(WTNH) — Child car seat and booster seat laws are changing on Sunday, October 1. This is to keep kids safer on the roads. Some experts say parents tend to transition kids out of car seats or booster seats too soon. The law will increase the age and weight requirements – meaning kids will have to stay in car seats and booster seats longer.
Mimi Leone’s son is three and a half years old. She says before she had him she would have been in favor of the new requirements for car seats.
“The one problem that I haven’t heard too many people talking about is how hard convertible car seats can be to install,” she said.

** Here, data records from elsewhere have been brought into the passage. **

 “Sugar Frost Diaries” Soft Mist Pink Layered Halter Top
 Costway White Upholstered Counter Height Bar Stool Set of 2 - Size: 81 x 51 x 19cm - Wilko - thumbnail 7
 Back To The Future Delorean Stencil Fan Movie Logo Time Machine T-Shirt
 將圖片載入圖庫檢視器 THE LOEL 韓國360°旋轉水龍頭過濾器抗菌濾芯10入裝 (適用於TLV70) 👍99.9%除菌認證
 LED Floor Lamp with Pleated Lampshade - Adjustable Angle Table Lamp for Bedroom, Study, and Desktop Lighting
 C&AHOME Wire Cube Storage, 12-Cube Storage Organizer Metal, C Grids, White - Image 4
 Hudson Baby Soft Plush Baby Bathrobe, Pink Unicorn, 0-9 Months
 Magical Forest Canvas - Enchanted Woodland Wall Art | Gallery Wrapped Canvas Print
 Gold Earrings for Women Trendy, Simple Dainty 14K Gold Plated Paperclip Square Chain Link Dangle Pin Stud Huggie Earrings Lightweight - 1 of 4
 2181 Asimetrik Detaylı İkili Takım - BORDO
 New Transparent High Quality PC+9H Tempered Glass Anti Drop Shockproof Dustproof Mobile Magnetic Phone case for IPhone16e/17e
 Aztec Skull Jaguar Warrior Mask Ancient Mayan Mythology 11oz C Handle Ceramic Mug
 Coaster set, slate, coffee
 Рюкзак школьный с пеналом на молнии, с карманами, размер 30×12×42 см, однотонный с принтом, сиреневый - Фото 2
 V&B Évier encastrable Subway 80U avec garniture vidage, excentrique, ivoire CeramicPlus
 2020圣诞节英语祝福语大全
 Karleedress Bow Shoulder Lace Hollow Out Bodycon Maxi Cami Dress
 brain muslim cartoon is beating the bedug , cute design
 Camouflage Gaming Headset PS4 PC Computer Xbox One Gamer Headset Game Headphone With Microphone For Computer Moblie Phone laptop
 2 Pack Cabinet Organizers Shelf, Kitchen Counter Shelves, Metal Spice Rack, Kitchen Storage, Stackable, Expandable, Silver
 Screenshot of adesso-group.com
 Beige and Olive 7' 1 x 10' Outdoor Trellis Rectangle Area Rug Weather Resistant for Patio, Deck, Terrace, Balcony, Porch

The new law doubles the amount of time a very young child stays rear facing. Instead of age one, a child now must be two years old or 30 pounds before he or she can legally face forward. Younger kids are safer that way. Many parents are on board with the new requirements.
“Rear facing is best, keeps them safe,” said Megan Pereira, who has a three year old daughter.
The law will impact her family too. It will require kids up to 8 years old and 60 pounds to ride in a booster seat. However, Pereira says that won’t be a problem.
“That’s pretty much what we had been doing, so I’m not going to notice too much of a difference,” she said.
Starting Sunday children under the age of five and under 40 pounds must remain in a five-point harness traditional car seat.
Though Leone’s son is big enough not to need a rear facing car seat, she says the requirement could be challenging for some parents – even after the car seats are installed.
“I do have friends who had kids who got carsick once they were one and a half and they were facing the rear,” she said.
Supporters of this law say it is needed because only one out of five child car seats is installed correctly.
Many police departments will help you install a car seat or booster seat properly.